When dealing with complex numbers, we often want to express them in the standard form, which is written as \(a + bi\). Here, \(a\) is the real part, and \(bi\) is the imaginary part, where \(i\) is the imaginary unit with the property that \(i^2 = -1\). The goal of any operation involving complex numbers is usually to bring the result into this form.

In the problem given, the expression we started with was \(\frac{5}{9i}\). Initially, this doesn't look like the standard form \(a + bi\) because the imaginary unit \(i\) is in the denominator. Our task is to manipulate the expression until it conforms to the form \(a + bi\). This often involves some algebraic techniques such as rationalizing the denominator.

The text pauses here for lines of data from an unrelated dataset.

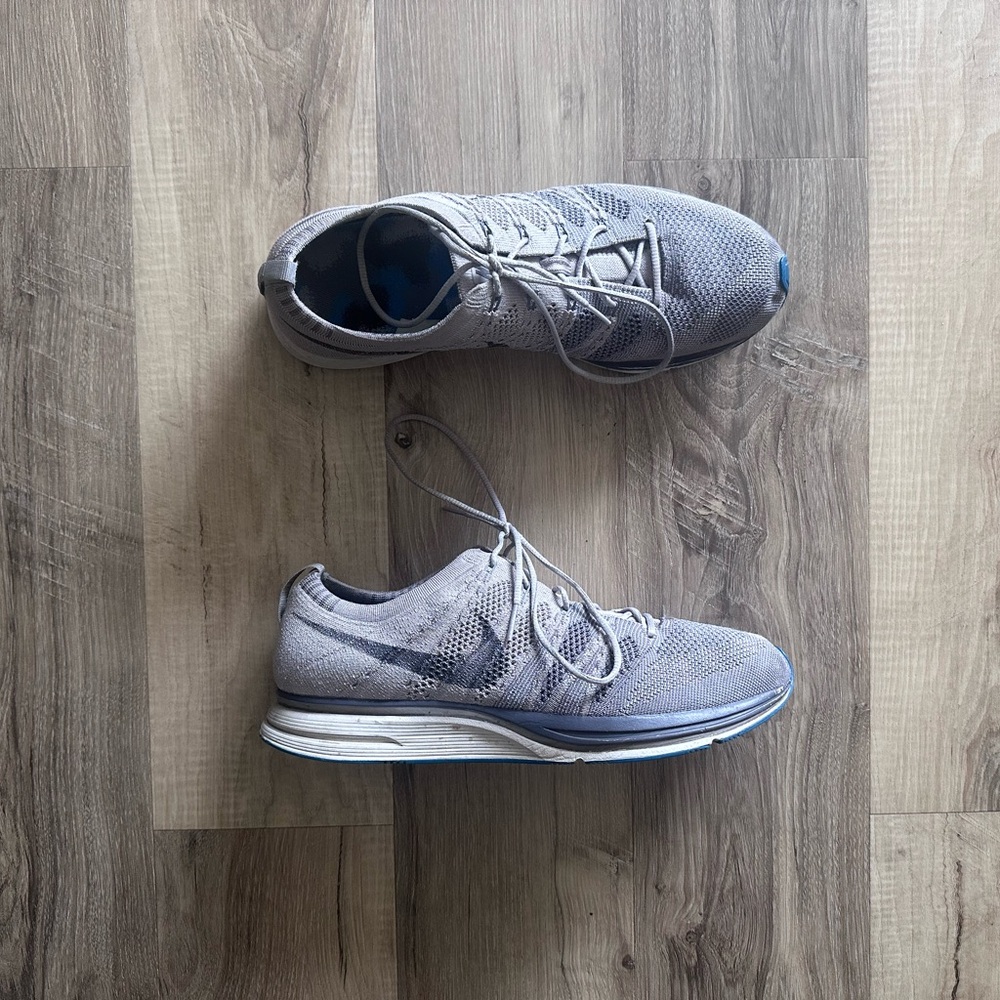Nike flyknit trainer one size 11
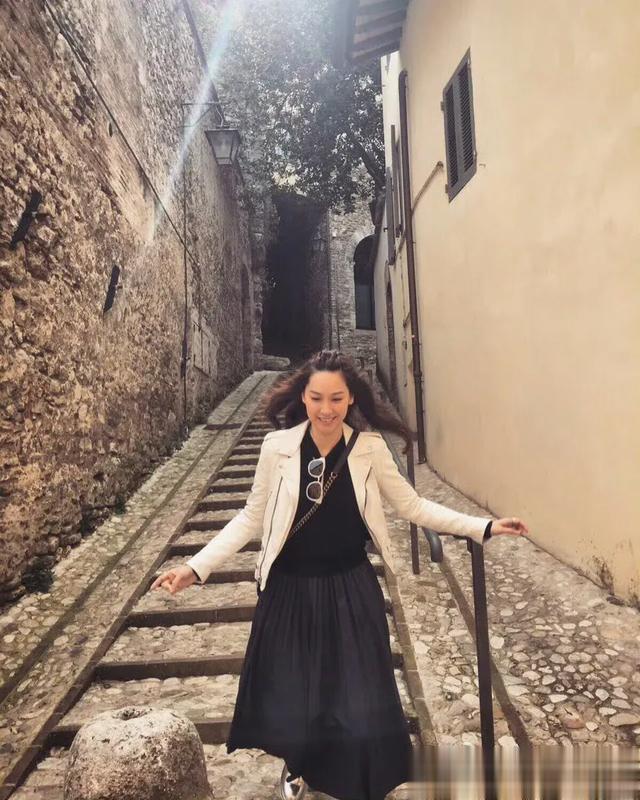 消失6年的徐子珊“重现人间”，她可是黎明都磕过的细糠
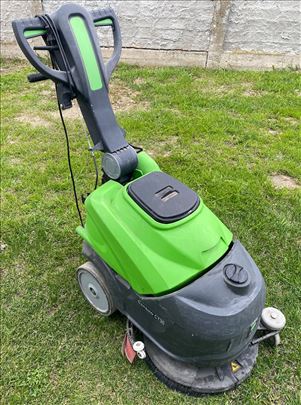 Masina za pranje podova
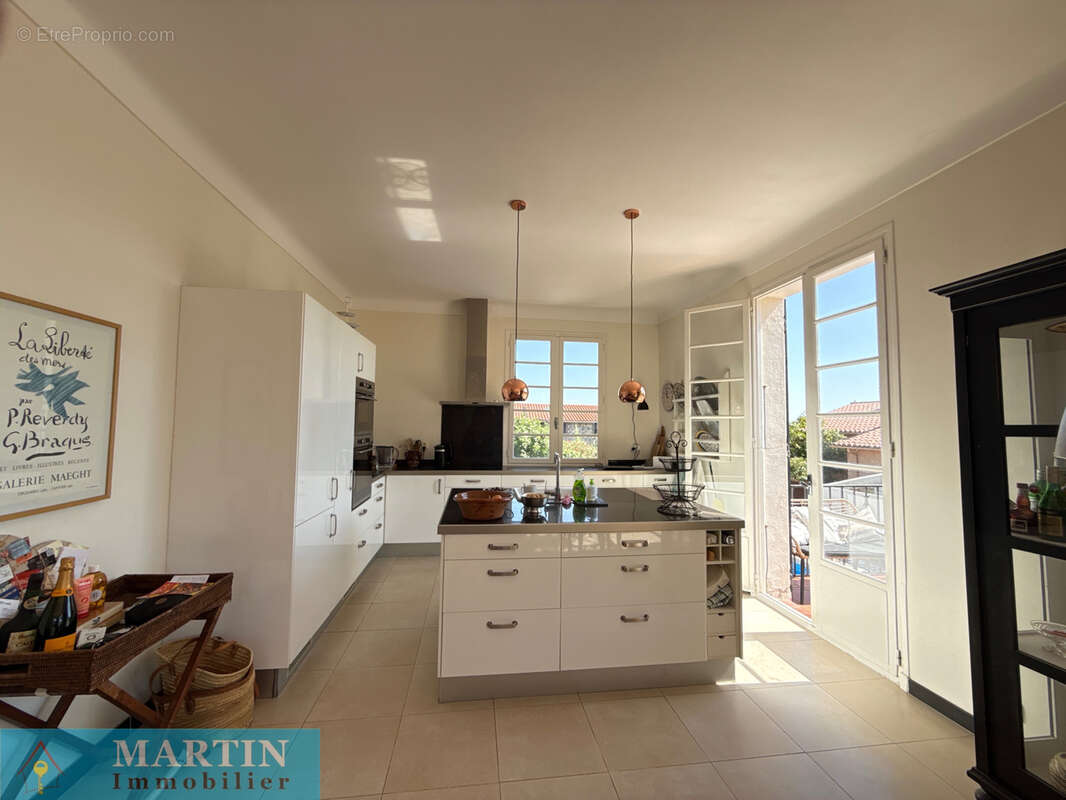 Villa 4 faces avec piscine - photo 9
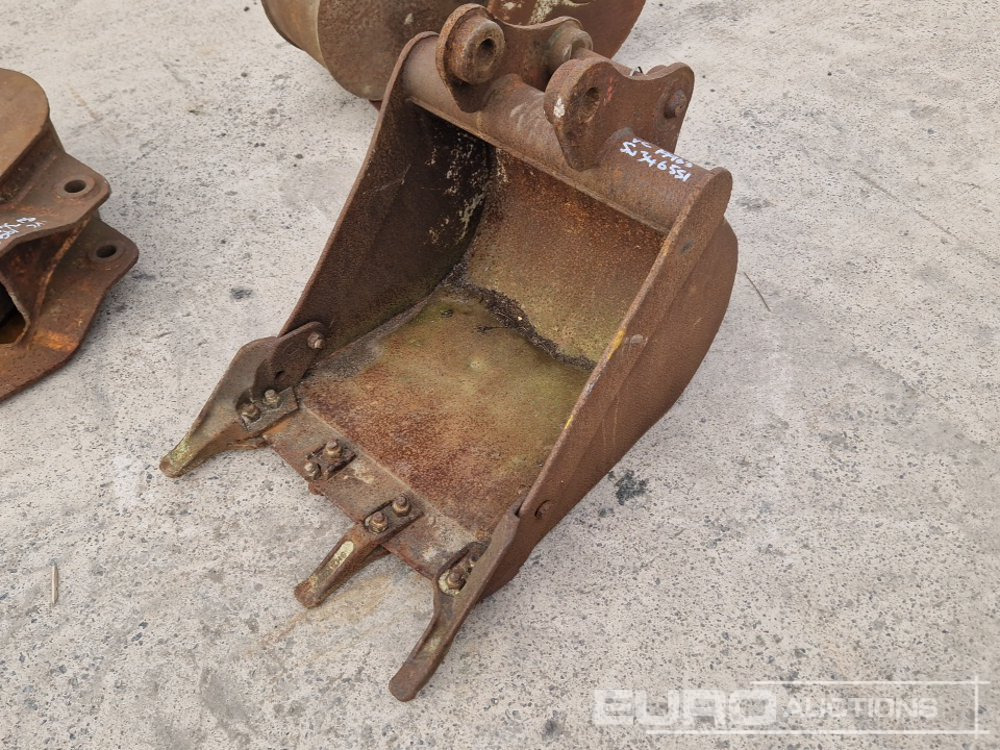 24" Digging Bucket 45mm Pin to suit 4-6 Ton Excavator - Schaufel: das Bild 1 24" Digging Bucket 45mm Pin to suit 4-6 Ton Excavator - Schaufel: das Bild 1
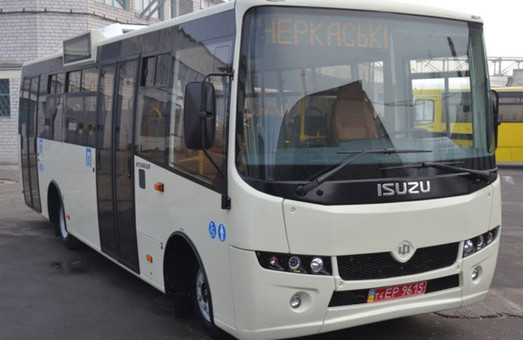 Полтава хочет взять в лизинг 12 автобусов «Атаман»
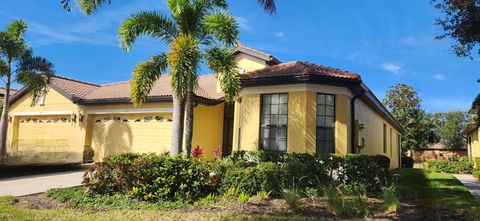 Photo of 237 Mystic Falls Drive, Apollo Beach, FL 33572 (MLS # TB8447629)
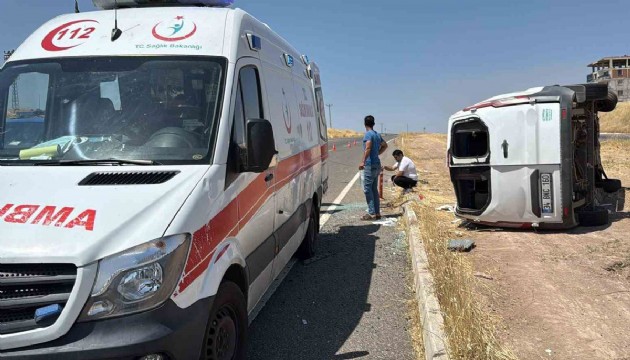 Engellileri taşıyan minibüs ile otomobil çarpıştı: 19 yaralı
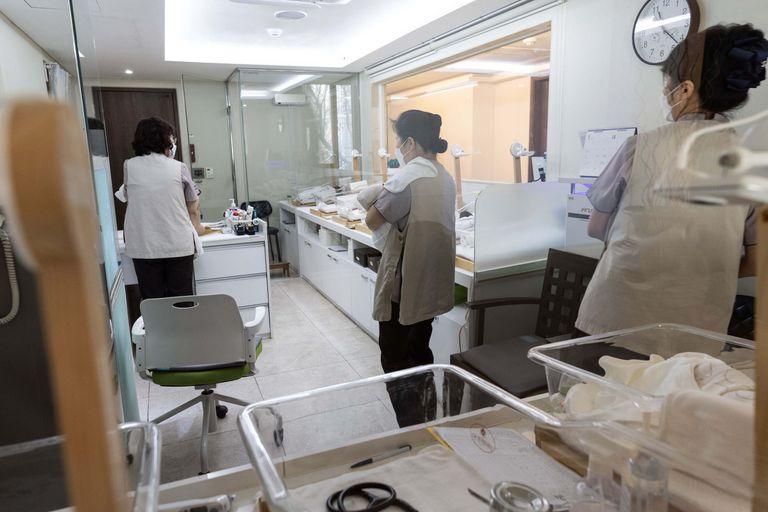 Rút ví trả 1,3 tỷ để tha hồ được ngủ bù, gội đầu và massage sau sinh: Chuẩn giàu mới của các mom châu Á- Ảnh 1.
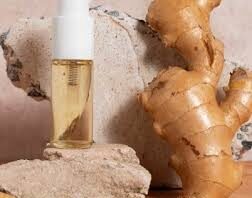 बालों का झड़ना कम करने के लिए नेचुरल ड्रिंक का उपयोग करें।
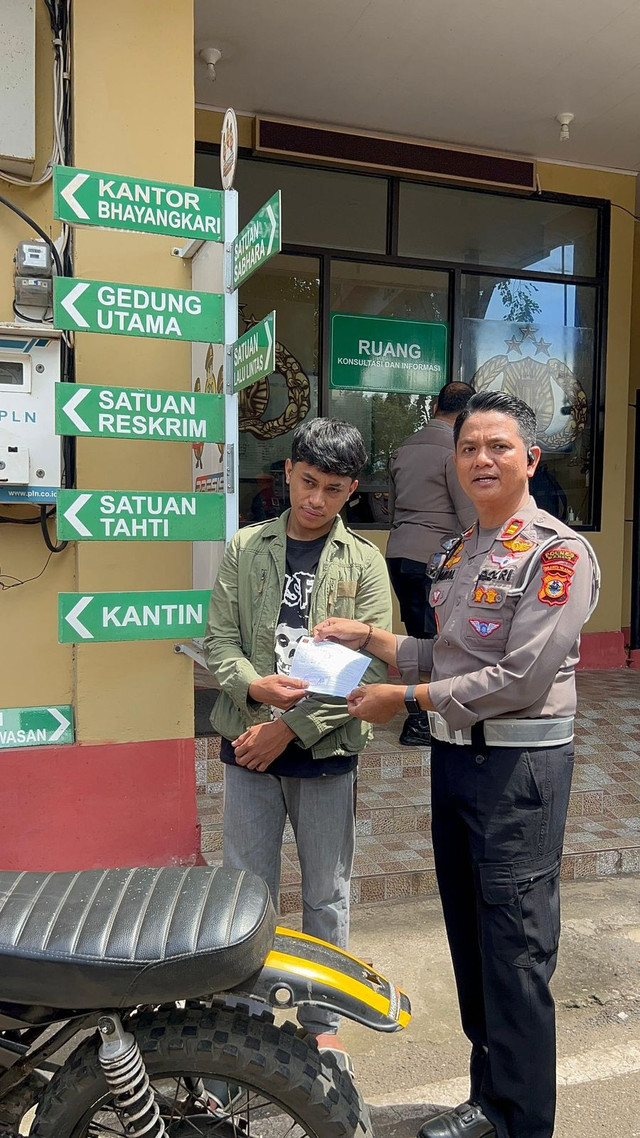 Anak purnawirawan Polri geber-geber motor saat ditahan polisi di Maros, Sulsel. Foto: Dok. kumparan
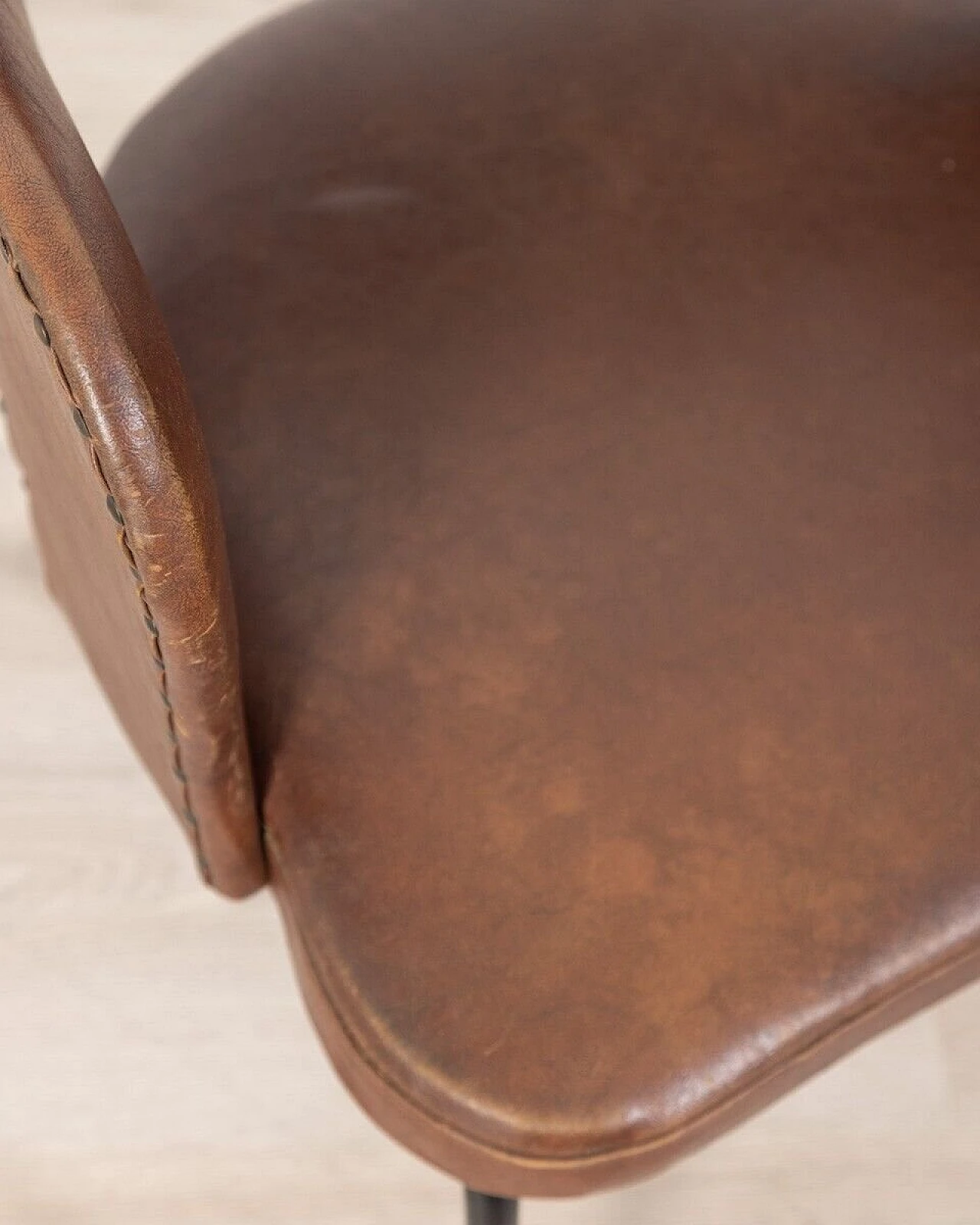 Pair of armchairs in brown leather and black metal legs, 1960s 2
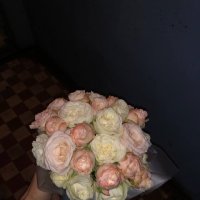 Кустовые розы в коробке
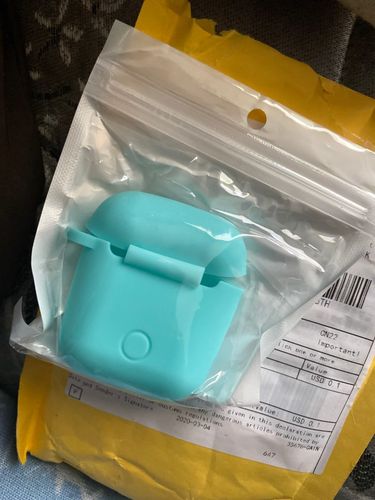 Customer photo review of HipCity Classic Silicone Airpod Case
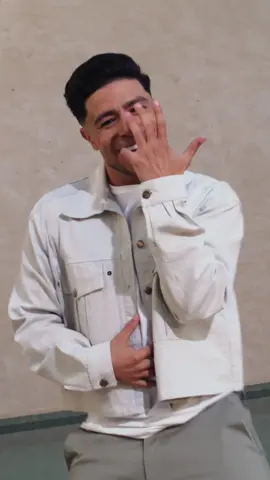 Y está comprobao que te gustan los corronchos como yooooo! 🕺🏻🎶  El video de “EL MODO” ya está disponible en mi canal de YouTube así que corre a verlo y disfrútala todo el fin de semana 😏😎  @silvestredangond 📝   #clasicos #danielcalderon #vallenato #elmodo 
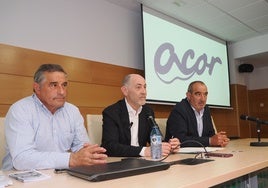 De izq a dcha Eliseo Veganzones, Jesús Posadas y Ramón Bocos, vicepresidente, presidente y secretario de Acor.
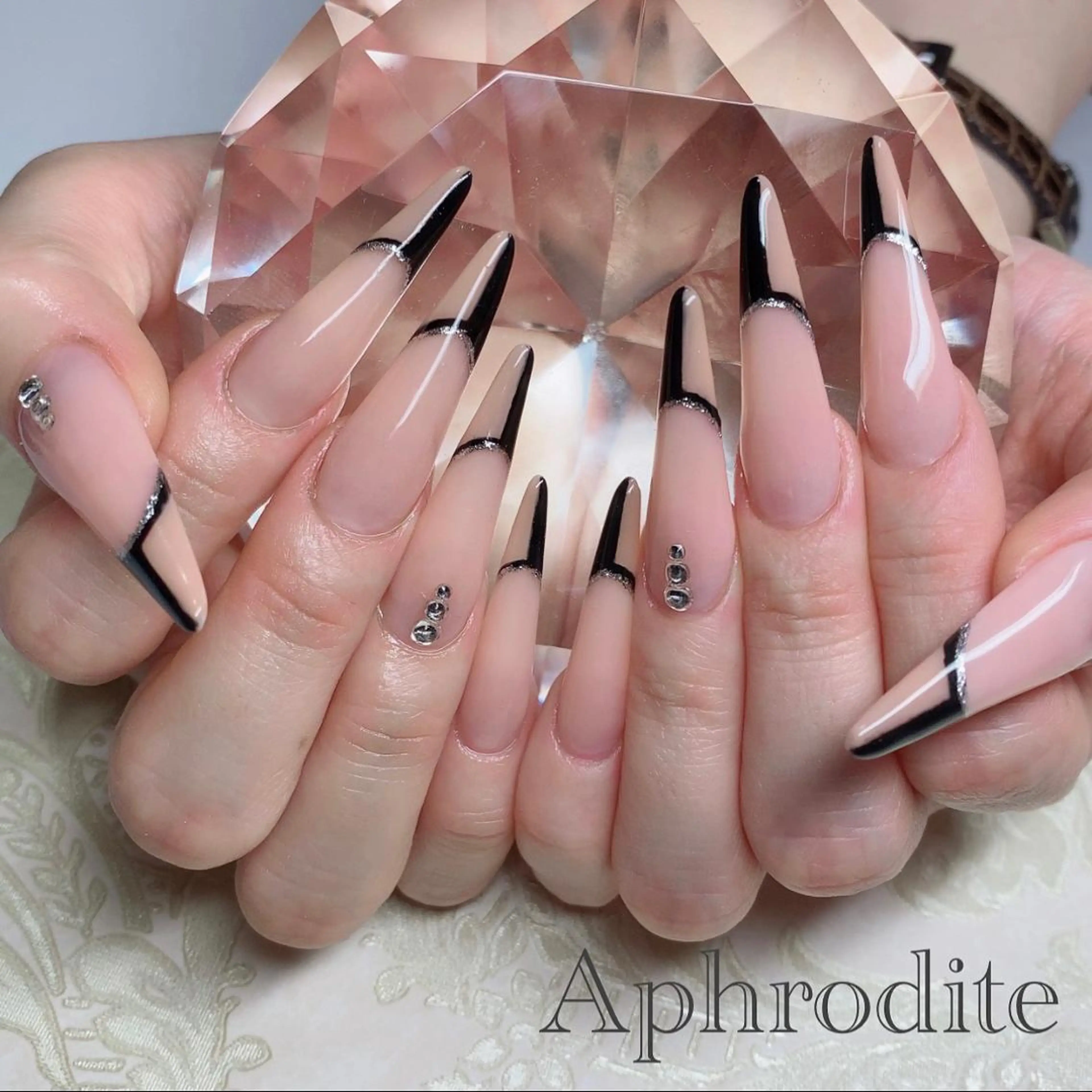 ネイル Aphrodite パラジェル認定サロンのネイルデザイン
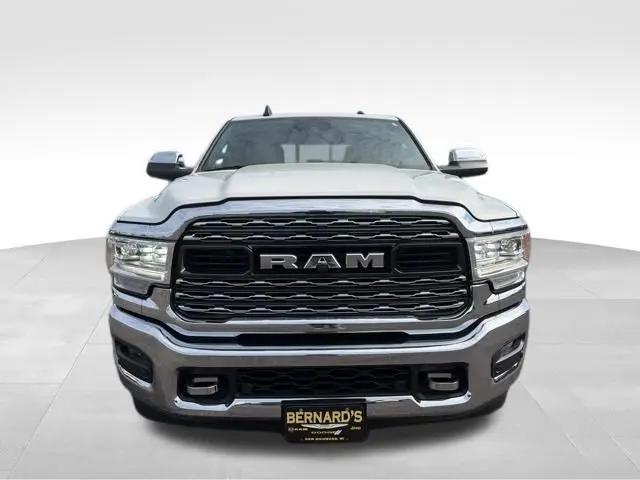 2022 Ram 3500 Limited Crew Cab 4x4 8' Box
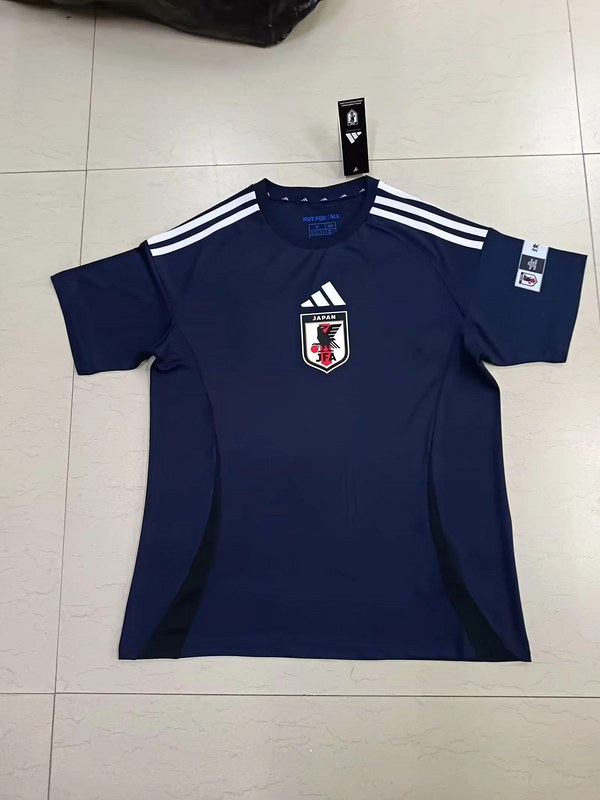 25-26 Japan home jersey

To get rid of the imaginary unit in the denominator, we multiply by the conjugate. The conjugate of a purely imaginary number like \(9i\) is simply the negative of that number, which is \(-9i\). This technique is known as rationalizing the denominator.

The steps are:

• Original Expression: \(\frac{5}{9i}\)
• Identify the conjugate: \(-i\)
• Multiply: \(\frac{5}{9i} \times \frac{-i}{-i} = \frac{5(-i)}{9i(-i)}\)

By multiplying the numerator and denominator by the conjugate, we eliminate \(i\) from the denominator.

After multiplying by the conjugate, we need to simplify the resulting expression:
1. First, multiply the numerators and the denominators: \(\frac{5 \times -i}{9i \times -i}\). This results in \(\frac{-5i}{-9i^2}\).
2. Recall that \(i^2 = -1\). So, the denominator \(-9i^2 = -9(-1) = 9\). The expression becomes \(\frac{-5i}{9}\).

Now, the result \(\frac{-5i}{9}\) can be written as \(0 - \frac{5}{9}i\) to match the standard form \(a + bi\), where \(a = 0\) and \(b = -\frac{5}{9}\). Hence, the final answer is \(0 - \frac{5}{9}i\).

The simplification process helps ensure that we manage complex expressions correctly and bring them into a consistent and useful format.